More specifically, ERC-4337 solves the technical specificities of implementing Account Abstraction in a EOA blockchain context, including:

  • Operation intent.
  • Operation validation.
  • Execution and fees payment (remember, on Ethereum, all operations are triggered by an EOA which pays fees. So, ERC4337 provides an incentive framework for decentralized bundlers to trigger the execution of the operations that users intend to execute.)
  • The nonce, an anti replay mechanism that was just incremental for EOAs and can be more sophisticated here.

When it comes to governance, it’s possible to create different signers and quorums to complete specific operations. Schematically, the user will interact with his smart contract, the smart contract then verifies whether governance rules are met, and finally executes the operations.

Verifying the governance can be as complex. One of the benefits of having this logic running on-chain with a Turing complete language is that it’s possible to create arbitrary governance rules and  to implement signature verification for any algorithm. As mentioned above, ECDSA scheme has plenty of limitations, first of all it’s not suited for signature aggregation (MPC / TSS), and secondly it’s not supported by current implementations in mobile’s secure enclaves.

An improved User Experience & flexible Security:

Thanks to Account Abstraction, it is possible to perform several atomic calls to different contracts in the same transaction with a smart account, leading to great improvements when navigating typical DApps (for example, it is no longer necessary to send 2 distinct transactions for an ERC-20 token approval then a deposit), as well as for the security of the user (for example ENS resolution can be directly performed by the smart contract account.)

The path to innovative Social Recovery methods:

By enabling complex operations at the account level, Account Abstraction can realize various advanced use cases, such as social recovery. In this scenario, users can designate a group of trusted guardians who can grant them access to their account should they lose access. EIP 5883 and the more recent EIP 7093 outline interesting methods for implementing such social mechanisms. 
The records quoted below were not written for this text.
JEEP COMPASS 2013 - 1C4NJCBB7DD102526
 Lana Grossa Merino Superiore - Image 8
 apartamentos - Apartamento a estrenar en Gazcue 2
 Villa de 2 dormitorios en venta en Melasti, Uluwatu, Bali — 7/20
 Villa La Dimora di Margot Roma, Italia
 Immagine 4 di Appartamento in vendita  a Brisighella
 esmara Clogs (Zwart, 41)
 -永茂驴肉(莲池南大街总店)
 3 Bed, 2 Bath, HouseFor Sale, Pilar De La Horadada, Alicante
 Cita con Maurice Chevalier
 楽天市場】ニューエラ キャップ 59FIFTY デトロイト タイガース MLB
Once more, users can specify both a threshold and a set of rules that will initiate the account recovery process in the event of access loss, which could radically improve user experience in crypto.

BLS/Schnorr signature aggregation:

As mentioned before, another weakness of ECDSA is the clunky Threshold signature design. Contrary to ECDSA, BLS and Schnorr have been designed for supporting Threshold signature scheme, and these standards are essentially additive. In brief, it’s possible to compute a valid signature by adding several partial signatures with strong security guarantees. 

Implementing BLS or Schnorr signers could allow some token governance while minimizing fees at verification by the smart contract (One verification instead of one verification per signature.) This aggregation mechanism is described and implemented optionally as part of the EIP 4337 standard.

What’s next for the adoption of Account Abstraction?
The case of Passkeys:

Account Abstraction is in direct competition with software wallets in the EOA context. The security model of software wallets is very weak, as any malware can drain users’ funds due to their inherent Internet connectivity and more generally their wider attack surface. Software wallets can’t really do better since SoC (System On Chip) based designs (smartphones) are very heterogeneous and do not all contain a secure enclave. 

When they do contain a secure enclave, developers can’t load their own code to implement Ethereum/Bitcoin signatures. In this context it’s simply NOT possible to leverage the only security features contained in high end phones. 

By incorporating the Account abstraction logic, developers can access a secure enclave digital signatures implementation. This includes WebAuthn, which is readily available at the OS level through passkeys standard.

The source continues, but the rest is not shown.